## Work instructions:
The material below includes pictures; leave them out and return only the lines between the line containing "Vintage inspired Genuine" and the line containing "Rosa Schwesternhaube", inclusive, word for word.

[Data — start]

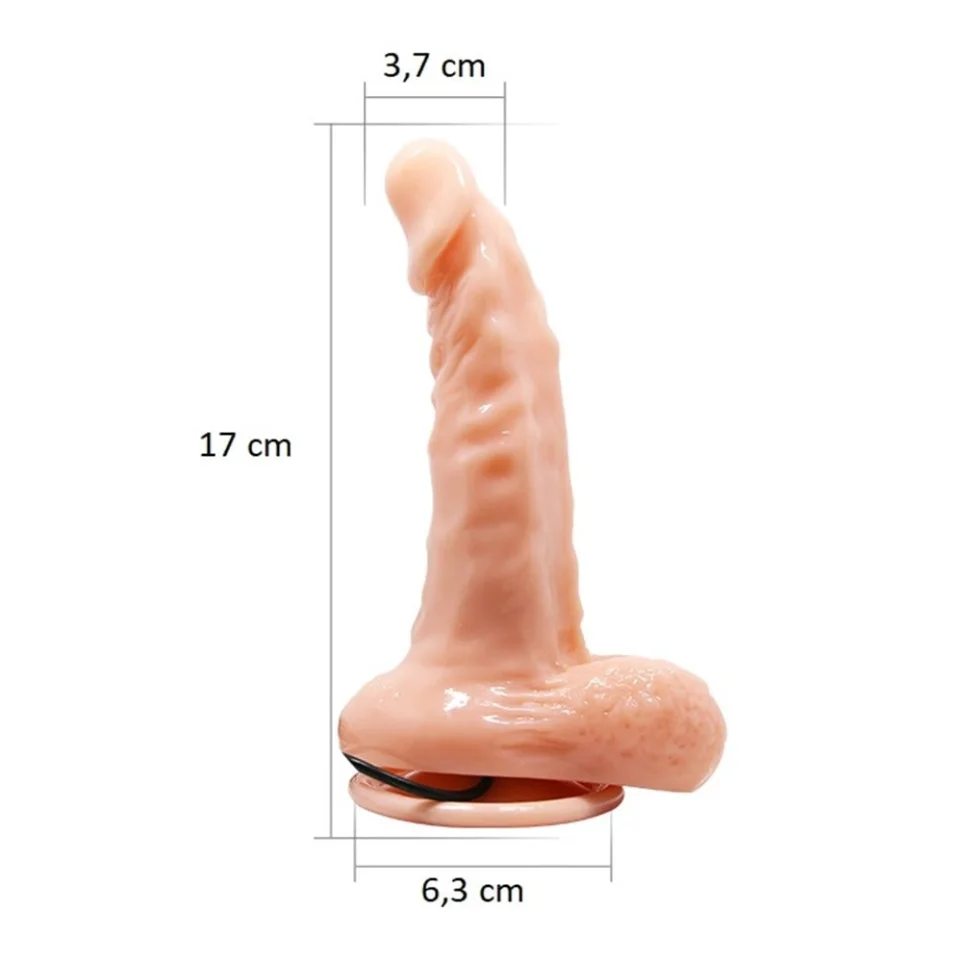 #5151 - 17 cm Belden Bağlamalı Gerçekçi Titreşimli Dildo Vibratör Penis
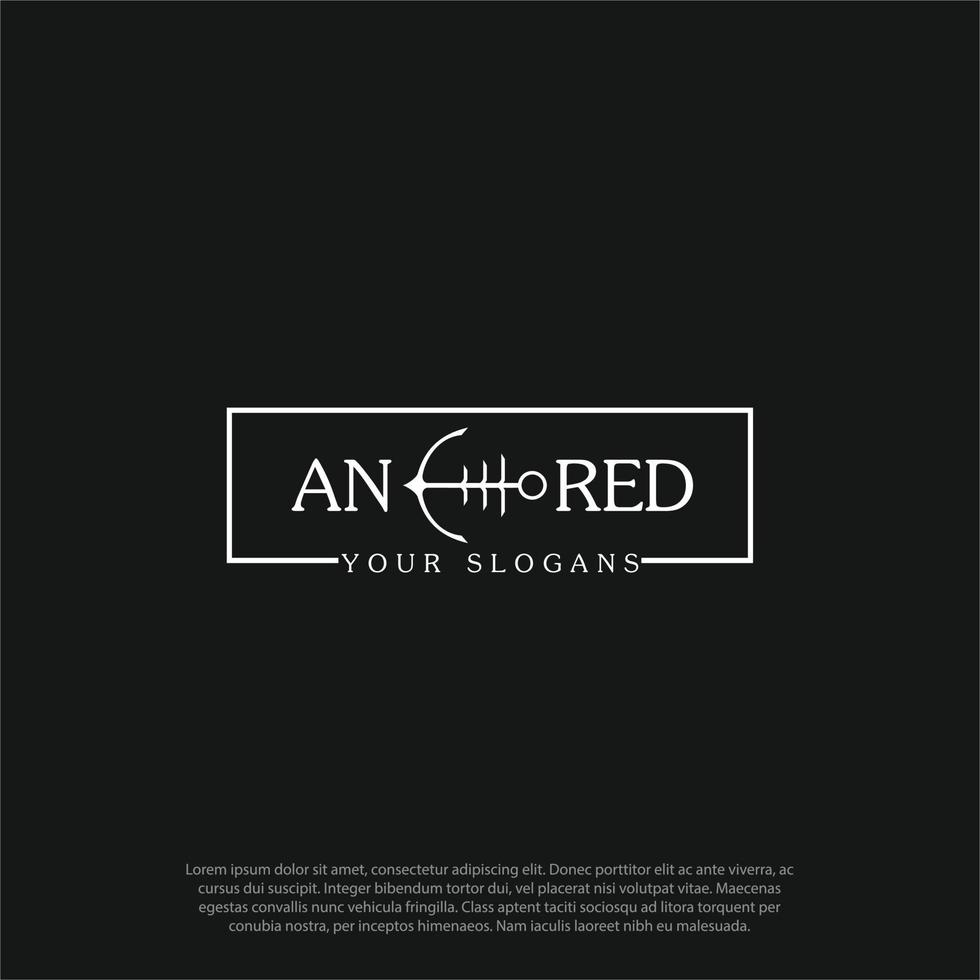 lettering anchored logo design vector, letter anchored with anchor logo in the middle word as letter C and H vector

[Data — finish]
[Data — start]

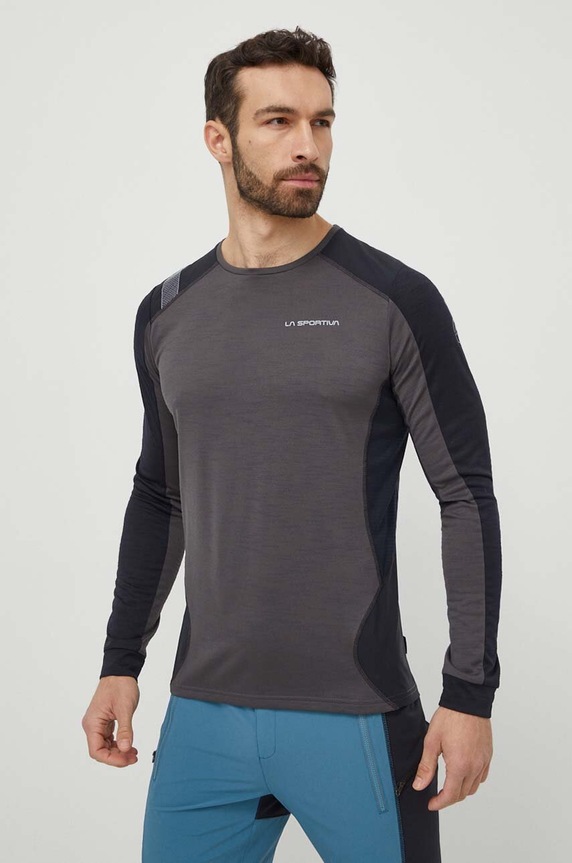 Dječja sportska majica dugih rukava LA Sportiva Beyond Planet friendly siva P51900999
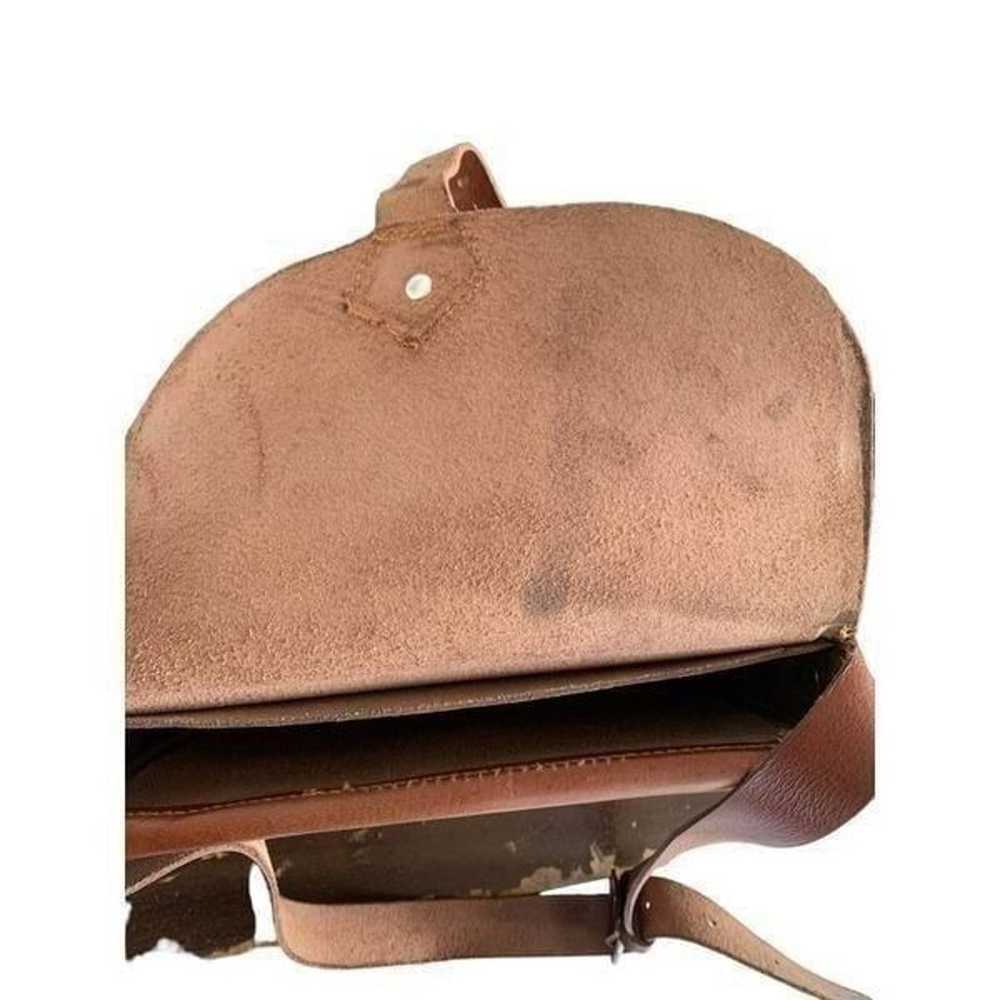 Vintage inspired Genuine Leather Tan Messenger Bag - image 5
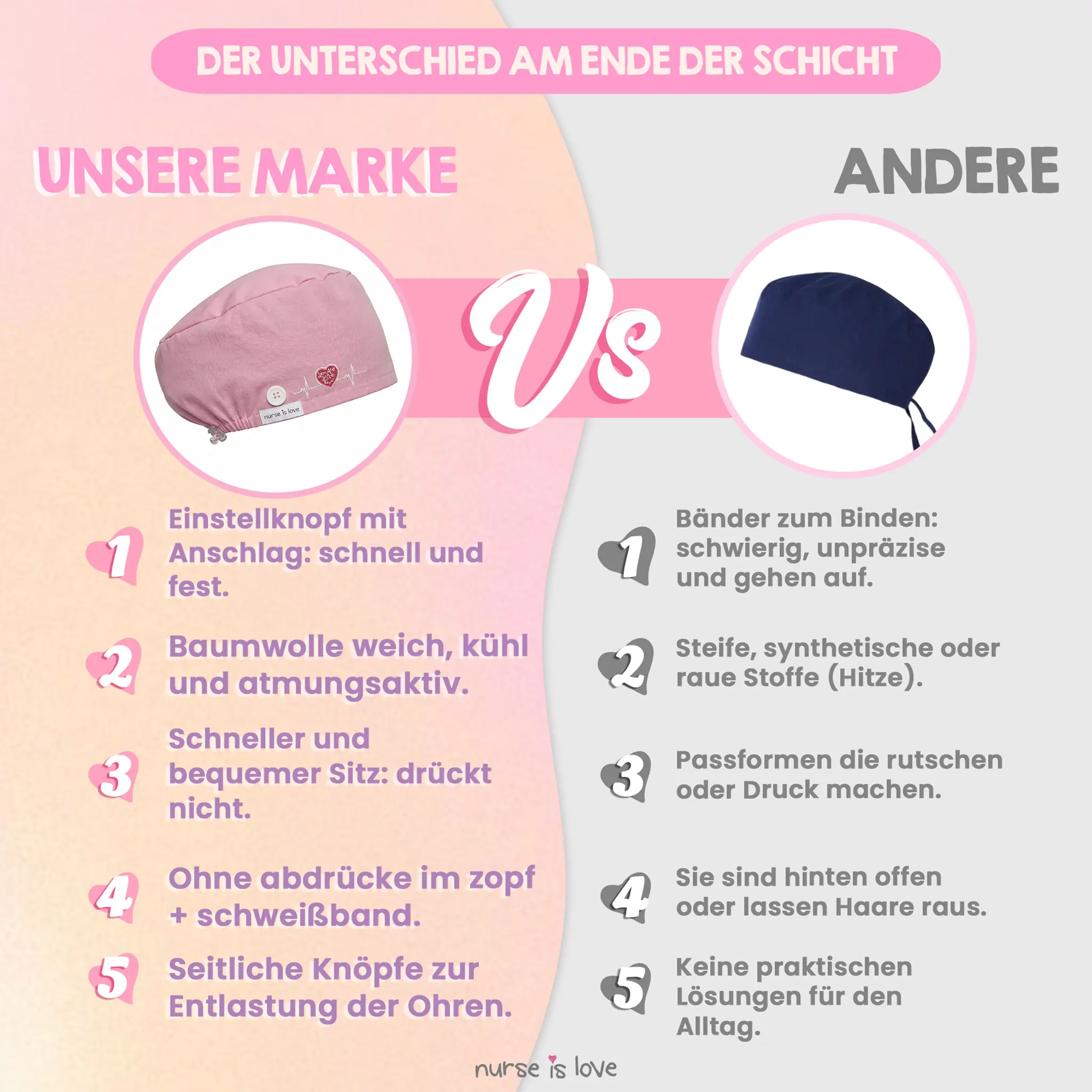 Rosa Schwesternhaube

[Data — finish]
[Data — start]

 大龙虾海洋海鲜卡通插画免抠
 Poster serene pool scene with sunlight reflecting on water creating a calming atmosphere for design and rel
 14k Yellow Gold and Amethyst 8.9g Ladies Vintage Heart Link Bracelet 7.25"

[Data — finish]

## Task result:
 Vintage inspired Genuine Leather Tan Messenger Bag - image 5
 Rosa Schwesternhaube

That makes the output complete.